I think that Ben Ross would have an interesting wish list of gifts for his birthday. One gift that Mr. Ross could very easily ask for would be a copy of the film, Dead Poet's Society. I think that this gift would be something that Mr. Ross would want in order to remind him of the high level of commitment needed in order to be an effective teacher. Mr. Ross wishes to be the type of that embodies what it means to be transformative in "the way he (gets) so interested and involved in a topic that they (can't) help but be interested also." The late Robin Williams's portrayal of Mr.
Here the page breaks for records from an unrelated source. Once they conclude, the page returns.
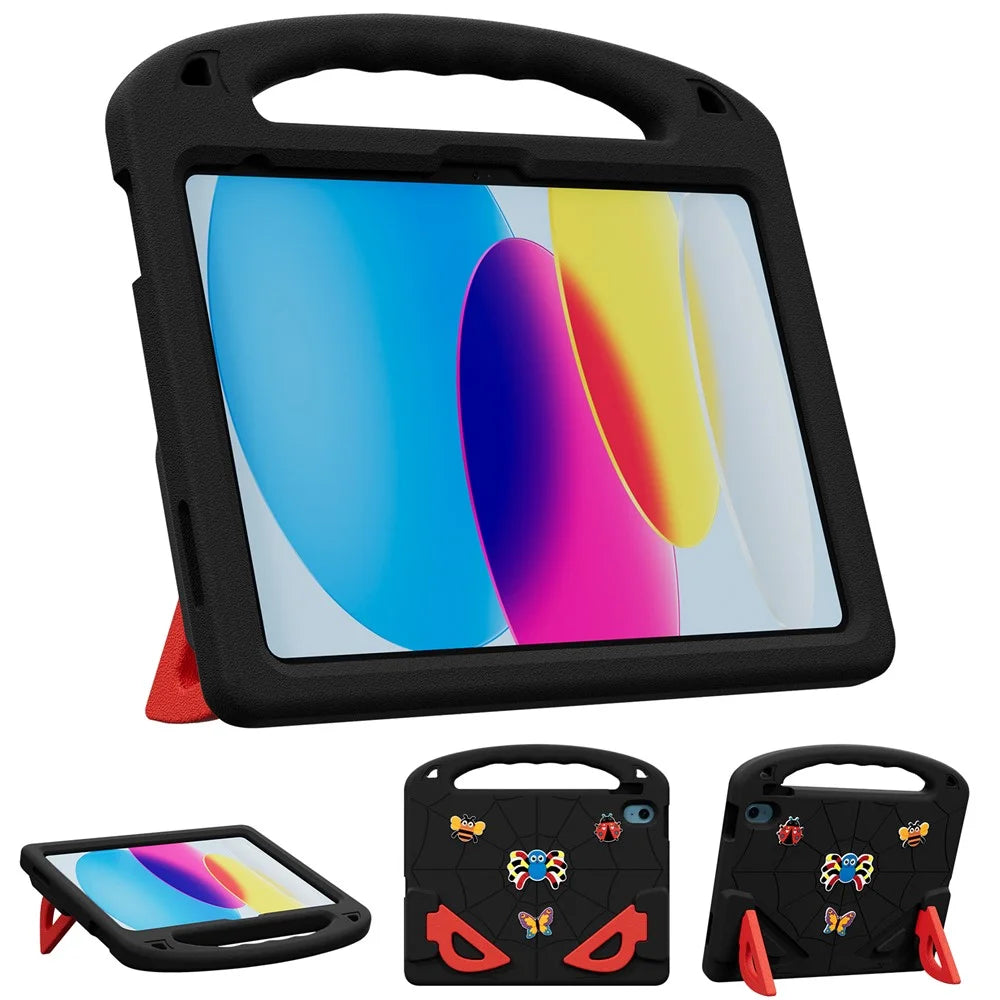 For iPad (2025) / iPad 10.9 (2022) Case Cartoon Insect Shockproof EVA Tablet Cover with Handle and Kickstand - Black+Red - 2
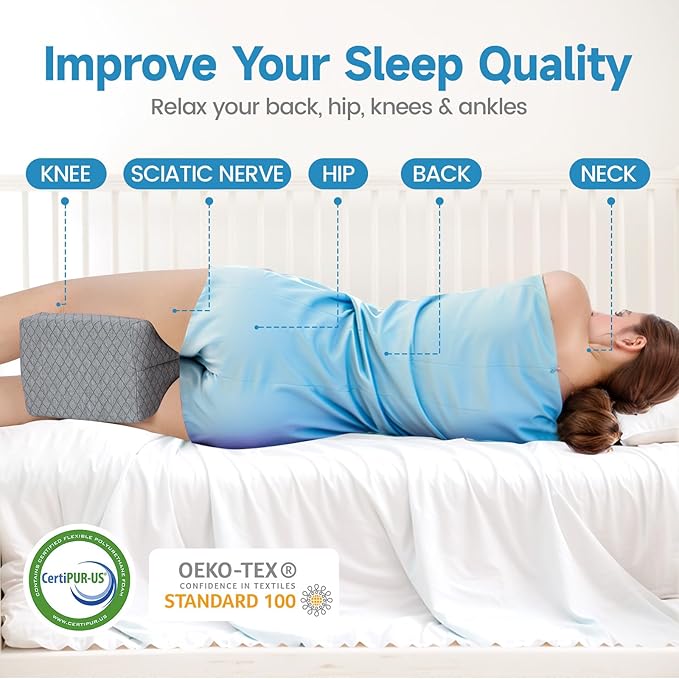 Memory Foam Knee Pillow for Side Sleepers, Support Leg Pillow for Side Sleeping, Smooth Spine Alignment Pillow, Cushion for Hip, Back, Sciatica, Knee, Joints Pain Relief, Gray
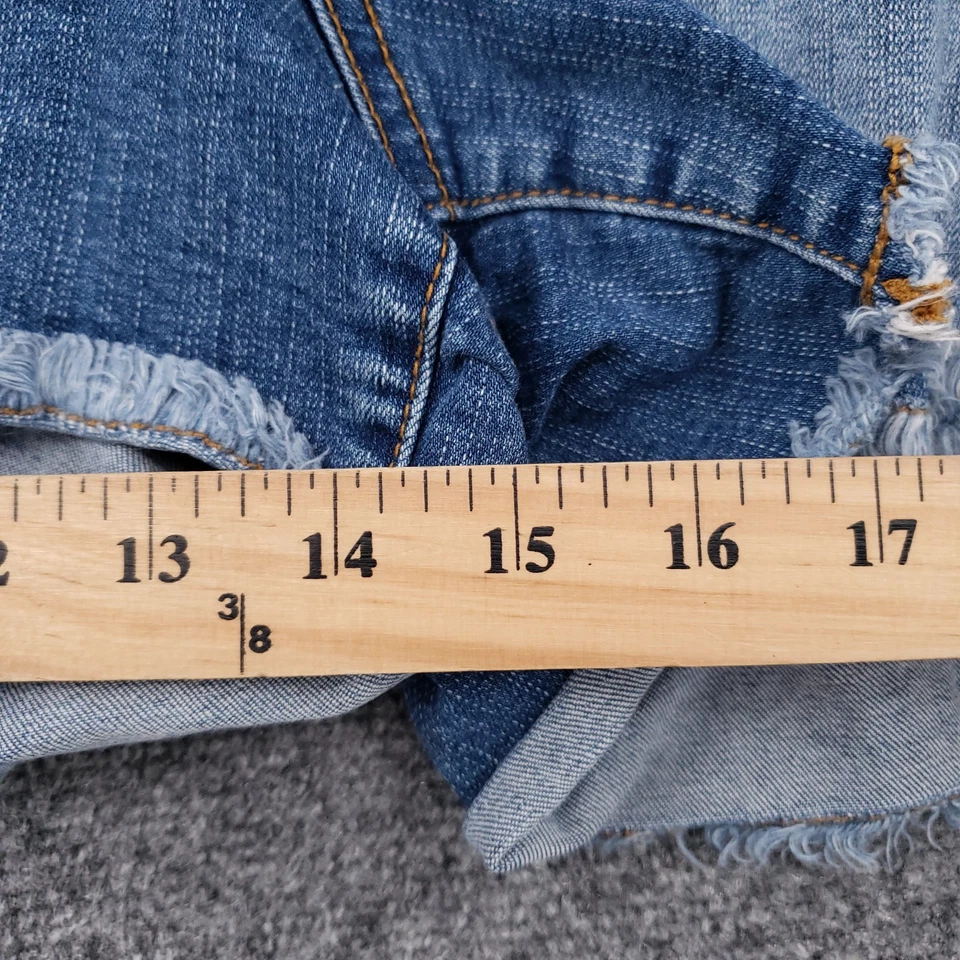 Pantalones Cortos Torrid Para Mujer 26 Plus Azul Tachonado Denim Corte Elástico Lavado Medio Jean Foto 3 de 4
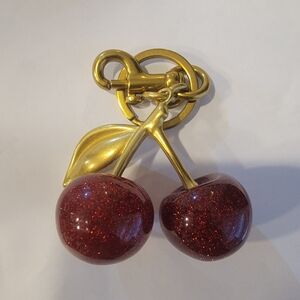 Gold and Red Cherry Keychain Purse Charm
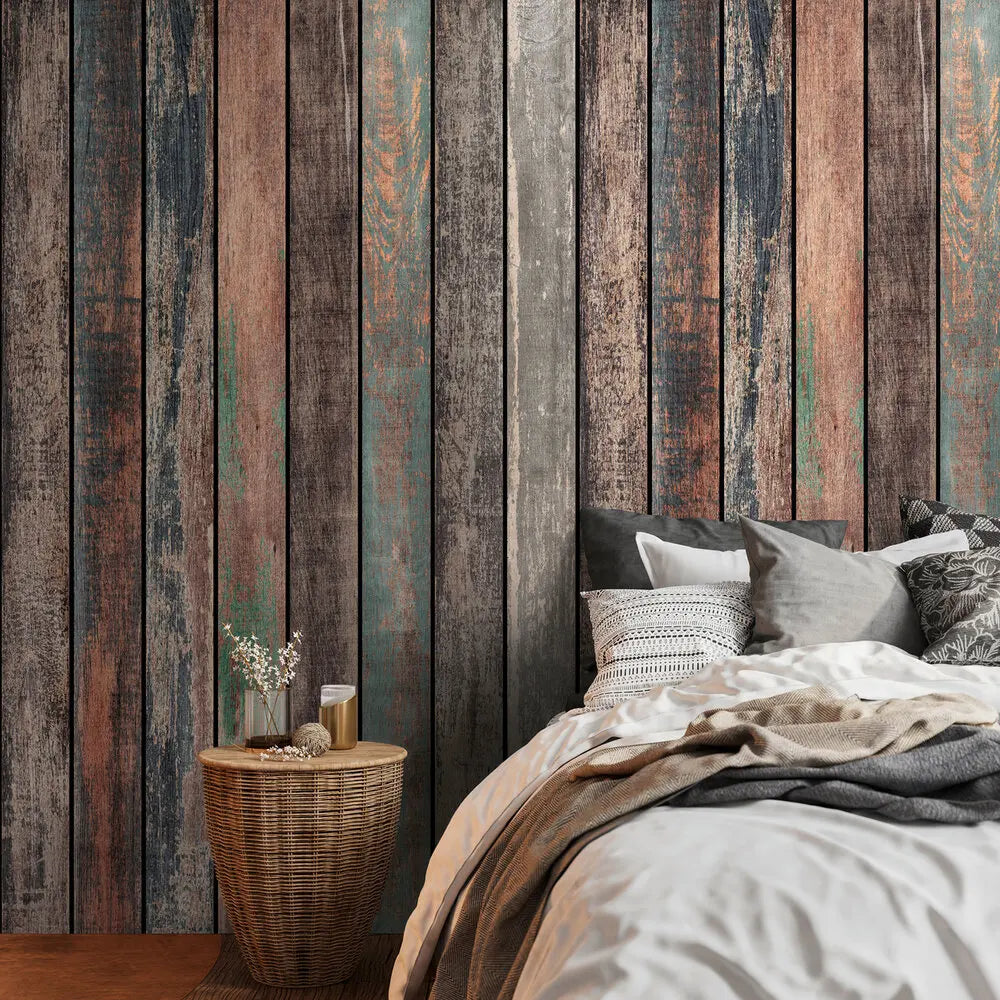 Germany Made Wood Look Brown Blue Green Non Woven Vinyl Wall Mural for Bedroom Hospital Dining-Moisture-Proof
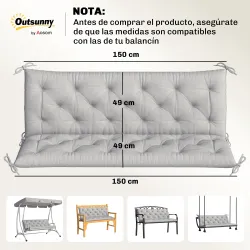 Cojín para Banco de Jardín con Respaldo Relleno Grueso y Cintas de Sujeción para Interior y Exterior 150x98x8 cm... - Ogal.Es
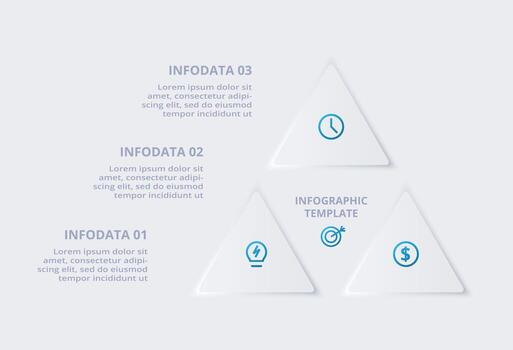 Neumorphic infographic with 3 steps or processes. vector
Keating would be one gift that would enable him to stay the course in seeking to enhance the minds and understanding of his students.
Another gift that Mr. Ross could ask for would be a copy of the book Speak by Laurie Halse Anderson. Mr. Ross could give this book to Robert Billings, who is an outcast but then is "born again" as a result of the Wave. Anderson's book reflects a similar condition with Melinda, who must also be "born again" as a result of her own social ostracizing. I think that this book would be helpful for Robert as it articulates how individuals can reclaim their identity in a worthwhile and authentic manner. The gift of this book could help Mr. Ross reach out to Robert as they "grab a bite to eat." Robert could benefit from reading about Melinda's condition and this would be why it could serve as a gift that Mr. Ross would request.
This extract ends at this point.